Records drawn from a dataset

=== Section Start ===

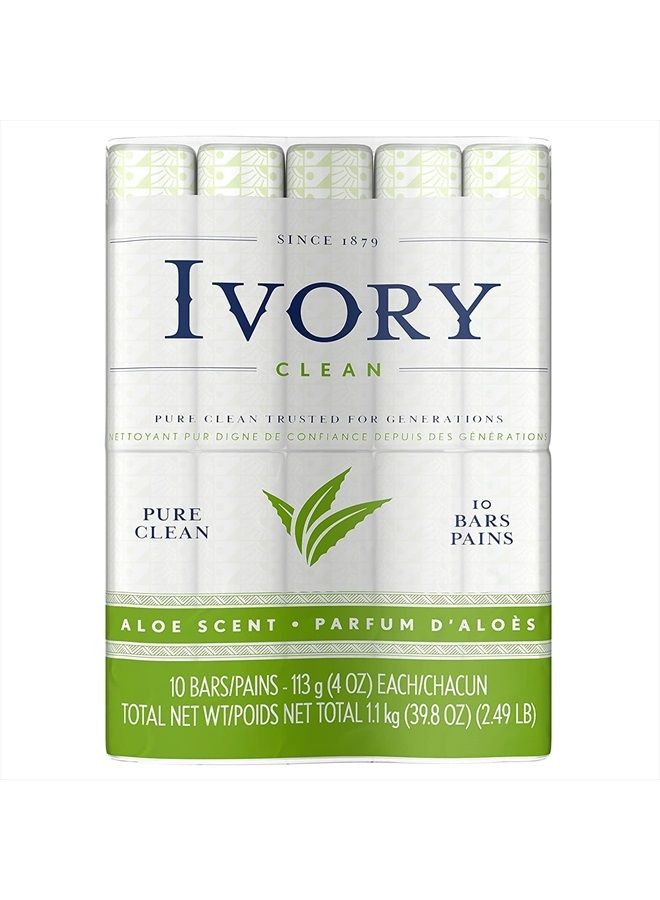 Ivory Bar Soap, Bath Size, Aloe 10 ea (Pack of 2) - Image 1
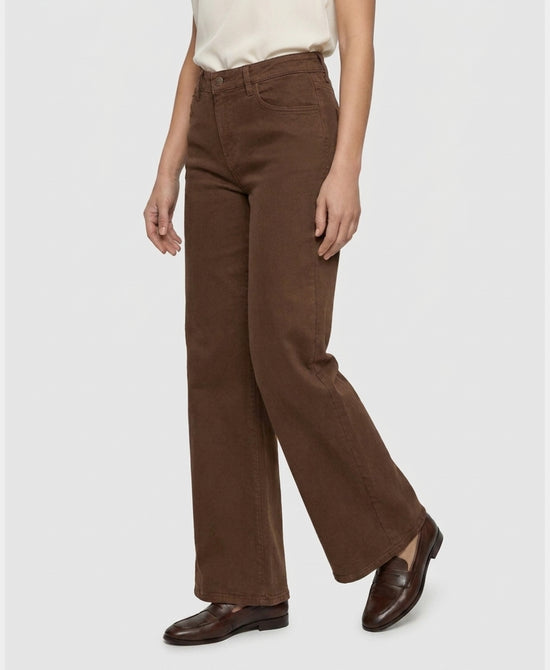 
Wide Leg Jeans in BROWN view 1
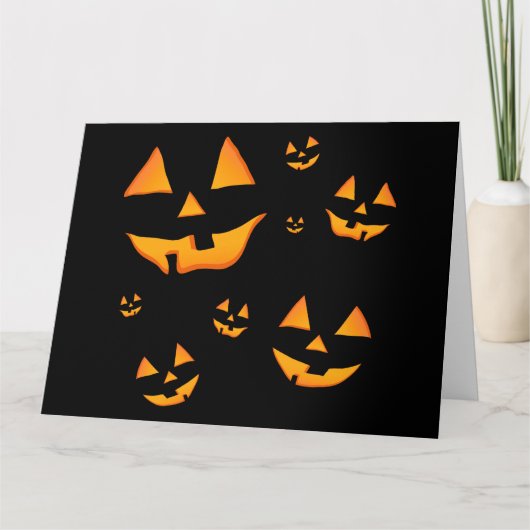 Jack-O-Lantern of Jack O'Lantern ogen en glimlache Bedankkaart (Voorkant)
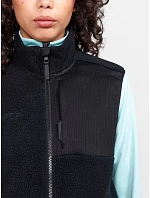 Craft Corporate ADV Pile Fleece Vest W Dámska fleecová vesta Sherpa 81.3811 ecru/čierna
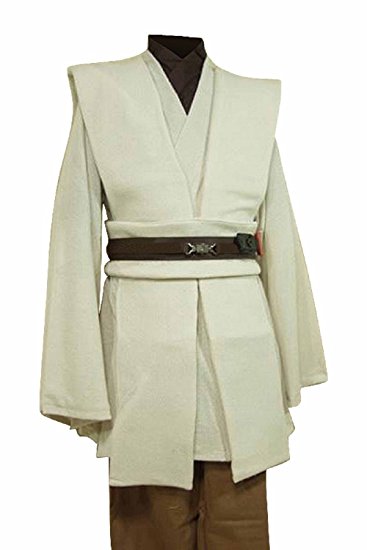 Allten Men's Cosplay Costume Star Wars Obi-wan Kenobi Jedi Tunic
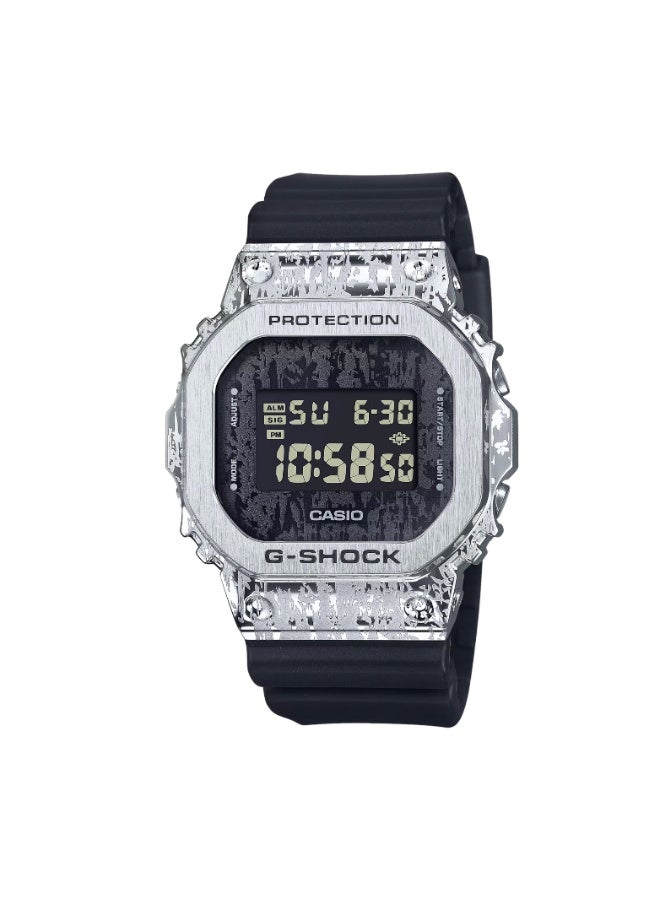 Casio G-Shock GM-5600GC-1DR Men’s Digital Watch, Metal-Covered Square, Distressed “Peeling Metal” Bezel Design, 200m Water Resistance, Super Illuminator - Image 1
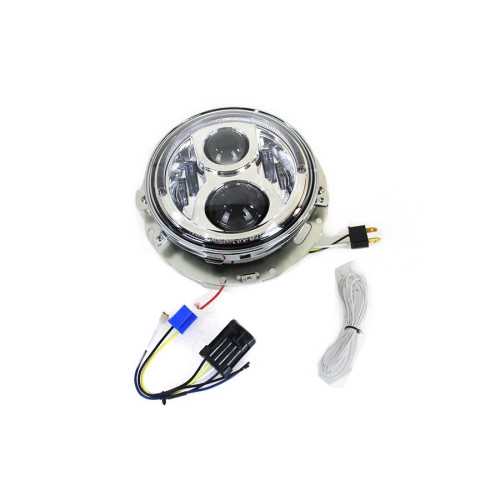 PartzBiz HD: 4401148-V-Twin 33-1769 12 Volt LED 7" Headlamp Black Center Stud Harley Panhead FL 49-59 buy electra street glide tail light brake softail touring Bagger Dresser lighting best for cheap davidson phillips PartzBiz HD: 4401148-V-Twin 33-1769 12 Volt LED 7" Headlamp Black Center Stud Harley Panhead FL 49-59 buy electra street glide tail light brake softail touring Bagger Dresser lighting best for cheap davidson phillips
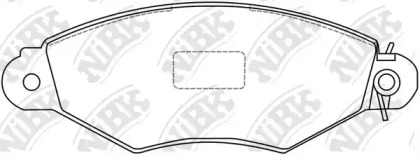 Комплект тормозных колодок NiBK PN0151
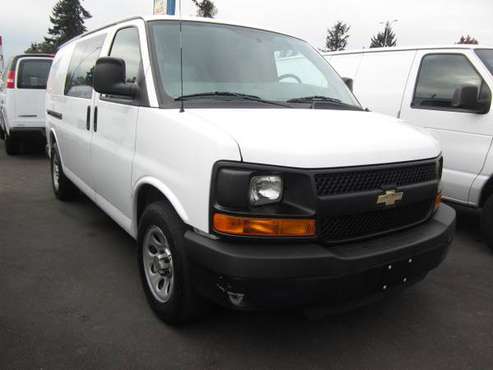 2013 Chevrolet 1500 (1/2 Ton) Cargo Van - cars & trucks - by dealer... for sale in Kent, WA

=== Section End ===

### Exercise description
Please reproduce the data above word for word, skipping all images.

### Output for this exercise
 Ivory Bar Soap, Bath Size, Aloe 10 ea (Pack of 2) - Image 1
Wide Leg Jeans in BROWN view 1
 Jack-O-Lantern of Jack O'Lantern ogen en glimlache Bedankkaart (Voorkant)
 Craft Corporate ADV Pile Fleece Vest W Dámska fleecová vesta Sherpa 81.3811 ecru/čierna
 Allten Men's Cosplay Costume Star Wars Obi-wan Kenobi Jedi Tunic
 Casio G-Shock GM-5600GC-1DR Men’s Digital Watch, Metal-Covered Square, Distressed “Peeling Metal” Bezel Design, 200m Water Resistance, Super Illuminator - Image 1
 PartzBiz HD: 4401148-V-Twin 33-1769 12 Volt LED 7" Headlamp Black Center Stud Harley Panhead FL 49-59 buy electra street glide tail light brake softail touring Bagger Dresser lighting best for cheap davidson phillips PartzBiz HD: 4401148-V-Twin 33-1769 12 Volt LED 7" Headlamp Black Center Stud Harley Panhead FL 49-59 buy electra street glide tail light brake softail touring Bagger Dresser lighting best for cheap davidson phillips
 Комплект тормозных колодок NiBK PN0151
 2013 Chevrolet 1500 (1/2 Ton) Cargo Van - cars & trucks - by dealer... for sale in Kent, WA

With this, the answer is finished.